Paralleling the treatment of African-American ghetto-born 'brothas' by the blaxploitation films of the 1970s, Quick Gun Murugun compounds the cliché Old Bollywood-generated view of the south Indian male as a violent non-sophisticate with a nouveau riche sense of style and an elevated sense of vulgarity. Like Sweet Sweetback or Shaft, the 'machi' – a Madrasi brotha from anotha motha – is creative with his insults, loves his women plus-sized and has a predilection for shiny bling and shinier firearms.

QGM, of course, is meant to exploit the ethnic stereotype rather than the targeted ethnic group itself – the way films like Kill Bill or Kung Pow quote their chopsocky ancestors with a nudge and a wink – but, given the film's wide multilingual release across India, one has to stop and wonder if its intended effect might not be adequately comprehended by the character's new audiences. The fact that these viewers might not all be familiar with the nature of QGM's sense of irony debates its efficiency as a vehicle of Tarantino-esque genre-subversion. It is exactly this ambiguity, though, that will cleverly function to the film's advantage at the box office, should all go well, serving to attract the metro-dwelling cable TV veterans as well as regional audiences with a limited exposure to global cinema. The urban English-speakers will watch it for the satire; the vernacular audiences, for the formula-bending narrative and the film's undeniable visual appeal.

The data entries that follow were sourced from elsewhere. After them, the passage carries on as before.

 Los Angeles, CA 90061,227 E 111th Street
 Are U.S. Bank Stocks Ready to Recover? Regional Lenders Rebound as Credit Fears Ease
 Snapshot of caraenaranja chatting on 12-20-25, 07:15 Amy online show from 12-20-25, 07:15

Shashanka Ghosh, the director of QGM, explains the production team's approach to distribution: “It was a carefully thought-through thing where, underneath all the irony, there's a rock-solid storyline that follows the adventures of a cowboy. You'll enjoy the movie if you're in the know, if you appreciate the spoof element of the film; but even otherwise, it should allure you with the strength of its narrative. We tried it, in fact, with a series of test audiences in all languages before the release.” According to Ghosh, each version of the film varies mildly from the other, as scenes, dialogues and even marketing tactics have been moulded to fit the expectations of different demographics.

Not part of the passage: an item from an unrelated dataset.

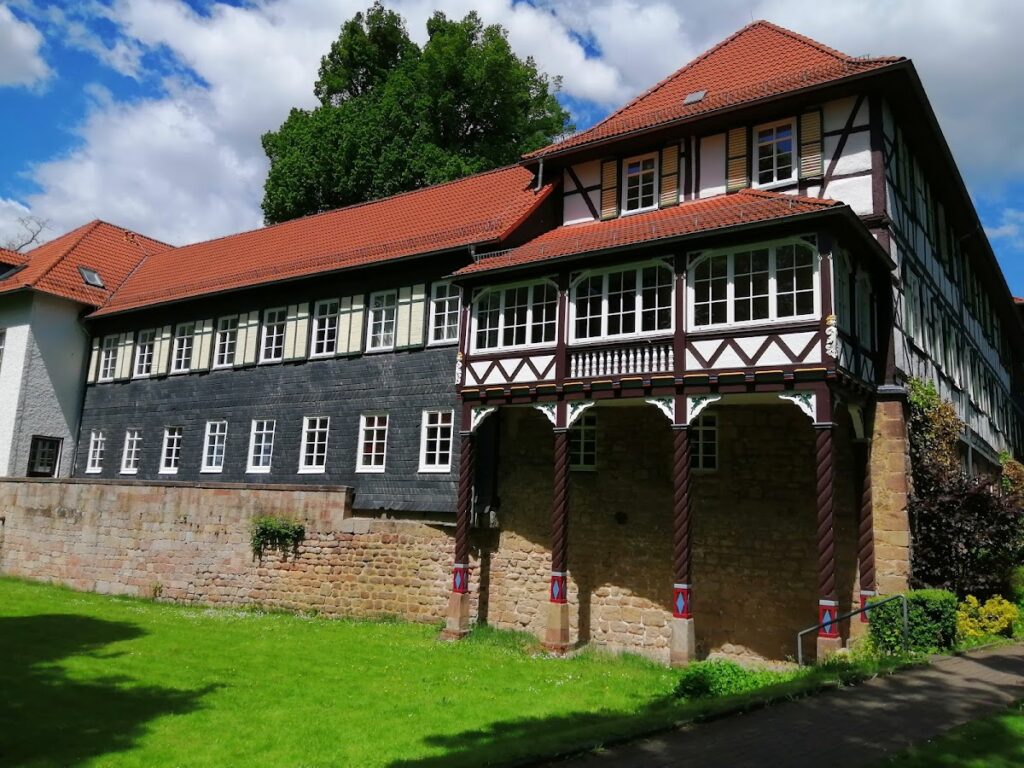 Castles in Stadtlengsfeld: A Medieval Fortification and Palace Complex 1 Castles in Stadtlengsfeld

The English version, for instance, has been promoted heavily via online social platforms such as Twitter, Facebook and Blogger. Says Ghosh, “My core audience is the youth, and one of the largest user bases for the internet is exactly that. So we created a presence on the web, which also ended up useful from a viral point of view. Word of mouth promotion has worked marvellously over the first weekend, in that regard, though I do wish we could have done more to boost awareness among our Hindi audiences. We're working on strategies for that right now.”

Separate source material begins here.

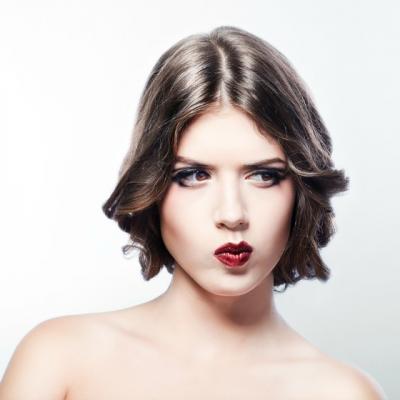 3 elemente de manie a comparatiei la femei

He also acknowledges the likelihood, however distant, that the reanimated QGM might make an episodic return to television, where the concept has worked best. Other possible iterations of the character could populate comics and video games, according to Ghosh. The vote is still out on the large screen success of Quick Gun Murugun and its millennial tongue in a retro cheek, but a template seems to have been evolved for a subversive new genre in Indian cinema. And there's much meat left in it still.